Further, with Spring ThreadLocal things and Java agent instrumentation, I worry about how to do context propagation in coroutines.

I am fully aware of structured concurrency, still lacking in Java until later this year. Also, pinning which from what I’ve gathered most Java libraries have addressed (like the Postgres driver), but not sure if coroutines have fully addressed.

Which leads me to my questions / dilemmas.

1. In a legacy Spring Boot setup (not Webflux, Flow, or Rx or ktor), does it make sense to use Coroutines?
2. I’ve heard of running Coroutines on top of Virtual threads, but wouldn’t that double memory allocations? Wouldn’t that make context propagation that much harder?
3. Is it ever a good idea to use runBlocking in a Spring service?

Any insights are appreciated. Unclear on what folks are doing in similar setups to mine.

I never had a chance to compare a service running coroutines and VTs side by side, so take my opinion with a grain of salt. I generally have an impression that coroutines don’t provide that much value over VTs. VTs are much more integrated into the runtime itself, while coroutines are a kind of hack implemented in the bytecode. If we need multiplatform, we need to use older JVMs, we like structured concurrency of coroutines, we like their API in general (for example: flows are great), we can go with coroutines. But if we only need a lightweight concurrency, VTs are probably better in a long run.

Coroutines propagate context using… well, CoroutineContext. If we need to integrate with a code that utilizes thread locals, coroutines provide tools to do this.

Coroutines couldn’t really solve the problem of thread blocking, so any blocking code is simply scheduled to a larger thread pool, meant for blocking. And we have to switch manually as coroutines can’t detect blocking. So coroutines don’t have the problem of pinning, because… they aren’t even that far

We should generally avoid it. runBlocking is meant for bridging with the code which is not coroutine-aware. Spring can run coroutines, so we shouldn’t need runBlocking there.

Thanks for the replies. I wasn’t aware that coroutines reschedule blocking, are there resources to look into that?

I have seen coroutines having advantages over Loom. I’ll have to back and find some of those.

I have a hard time advocating for coroutines in this particular app, because virtual threads accomplish a lot of the same (suspension, continuations), but do so without any code modification.
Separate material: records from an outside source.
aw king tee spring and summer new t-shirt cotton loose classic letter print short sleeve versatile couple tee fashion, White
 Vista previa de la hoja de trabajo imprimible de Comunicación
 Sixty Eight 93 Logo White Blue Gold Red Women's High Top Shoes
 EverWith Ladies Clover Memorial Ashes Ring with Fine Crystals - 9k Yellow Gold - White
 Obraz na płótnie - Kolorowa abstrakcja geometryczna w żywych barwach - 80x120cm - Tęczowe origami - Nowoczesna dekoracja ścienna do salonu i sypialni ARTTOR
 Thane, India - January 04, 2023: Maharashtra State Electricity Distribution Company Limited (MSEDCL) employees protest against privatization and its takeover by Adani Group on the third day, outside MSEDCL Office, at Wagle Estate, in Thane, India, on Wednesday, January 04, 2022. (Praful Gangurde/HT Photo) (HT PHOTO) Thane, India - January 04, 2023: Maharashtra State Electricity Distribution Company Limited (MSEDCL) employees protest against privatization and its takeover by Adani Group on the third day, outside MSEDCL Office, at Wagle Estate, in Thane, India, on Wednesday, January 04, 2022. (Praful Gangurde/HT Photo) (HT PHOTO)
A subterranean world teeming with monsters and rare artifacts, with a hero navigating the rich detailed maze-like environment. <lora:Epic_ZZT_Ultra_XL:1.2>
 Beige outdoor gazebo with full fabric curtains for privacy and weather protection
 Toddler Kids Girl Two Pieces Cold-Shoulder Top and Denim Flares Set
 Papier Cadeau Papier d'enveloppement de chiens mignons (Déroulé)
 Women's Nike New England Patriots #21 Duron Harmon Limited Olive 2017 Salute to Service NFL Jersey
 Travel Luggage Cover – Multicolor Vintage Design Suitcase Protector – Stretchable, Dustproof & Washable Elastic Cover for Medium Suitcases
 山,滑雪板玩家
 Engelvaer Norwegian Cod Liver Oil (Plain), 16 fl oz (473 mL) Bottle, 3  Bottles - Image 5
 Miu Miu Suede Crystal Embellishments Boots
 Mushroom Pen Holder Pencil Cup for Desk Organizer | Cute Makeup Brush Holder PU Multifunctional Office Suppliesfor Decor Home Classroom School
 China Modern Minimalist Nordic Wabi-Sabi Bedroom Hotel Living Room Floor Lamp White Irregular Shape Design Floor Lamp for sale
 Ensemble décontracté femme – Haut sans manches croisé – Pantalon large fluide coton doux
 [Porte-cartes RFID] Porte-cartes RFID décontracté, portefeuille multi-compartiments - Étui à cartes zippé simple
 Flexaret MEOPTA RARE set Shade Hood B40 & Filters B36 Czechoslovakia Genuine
Explicit parallelization (CompletableFuture.supplyAsync) and the forthcoming TWR structured concurrency definitely are not as pleasing as the rest of Kotlin.

Guess that could be made a bit better with some spring magic or a compiler plugin, but not sure the juice is worth the squeeze.

They don’t reschedule by themselves - we have to do it.

It is funny, but I looked quickly trough coroutines documentation and I didn’t find anything about handling the blocking code. But I can assure you it is generally discouraged to run blocking code in coroutines. This is not a hard requirement. It only means if we use a small thread pool for the best CPU utilization (this is default) and a coroutine gets into blocking code, the thread will be blocked and can’t run any coroutines until unblocking. Or if we write GUI application using coroutines and we block the main thread, it still causes the app to stop responding. But, if we create our own thread pools for running coroutines, if we block for short periods or performance isn’t critical for our application, technically we could block.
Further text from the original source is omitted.